Southeast Asia is becoming the next hot location for private equity deals, according to a recent report from the Boston Consulting Group.
The report cites Southeast Asia’s 611 million population with a $3.1 trillion GDP growing at 8 percent annually, the rise of a consumer class, a rich endowment of natural resources and the relocation of manufacturing from China to the the region, all of which make it “the third largest emerging market bloc after China and India, besting Brazil and Russia by a wide margin”.
Global firms have taken note and they will likely be deal sourcing in Southeast Asia in a big way, aiming to invest capital from their Asia-focused megafunds.

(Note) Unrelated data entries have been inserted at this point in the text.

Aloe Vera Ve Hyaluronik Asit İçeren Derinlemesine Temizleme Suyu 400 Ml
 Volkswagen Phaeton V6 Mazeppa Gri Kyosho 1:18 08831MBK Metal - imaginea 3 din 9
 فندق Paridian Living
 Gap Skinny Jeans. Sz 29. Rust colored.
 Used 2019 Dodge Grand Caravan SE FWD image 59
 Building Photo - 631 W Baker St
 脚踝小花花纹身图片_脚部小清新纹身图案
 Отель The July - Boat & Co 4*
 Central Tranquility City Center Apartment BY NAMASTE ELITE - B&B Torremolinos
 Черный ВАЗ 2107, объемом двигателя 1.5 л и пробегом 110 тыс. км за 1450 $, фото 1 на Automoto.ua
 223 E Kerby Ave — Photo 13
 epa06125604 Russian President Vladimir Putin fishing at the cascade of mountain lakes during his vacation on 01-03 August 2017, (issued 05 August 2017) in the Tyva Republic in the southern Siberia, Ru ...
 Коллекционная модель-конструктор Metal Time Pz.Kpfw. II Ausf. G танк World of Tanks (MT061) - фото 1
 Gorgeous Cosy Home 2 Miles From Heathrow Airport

Kohlberg Kravis Roberts, for example, is raising a $6 billion Asia fund – the largest ever for the region, and TPG is raising a $4 billion Asia fund.
The Carlyle Group is also warming to the region. In October, the firm made its first Southeast Asia deal, putting $100 million into Indonesian telecom tower operator Solusi Tunas Pratama, according to media reports.
Valuations are high and will likely rise further as the global firms, pushed to invest large amounts of capital, bid on assets.
According to the report, acquisition prices in Indonesia are already at 16.2x earnings. The Philippines average price-to-earnings ratio is at 15.2x, Malaysia is at 14.2x and Singapore, 12.9x.
Thailand (12.1x) and Vietnam (9.8x) are lower “because of lower growth expectations and higher perceived risk”, the report said.
“Successful dealmaking calls for careful target selection, accurate pricing and skillful execution, both before and after closing,” said Dinesh Khanna, a BCG partner and co-author of the report.
In addition to high valuations, new participants should expect minority stake transactions, longer lead times for deals and wide variations in customs and practices between countries, the report said, adding that a deep understanding of local markets will bring a strategic advantage.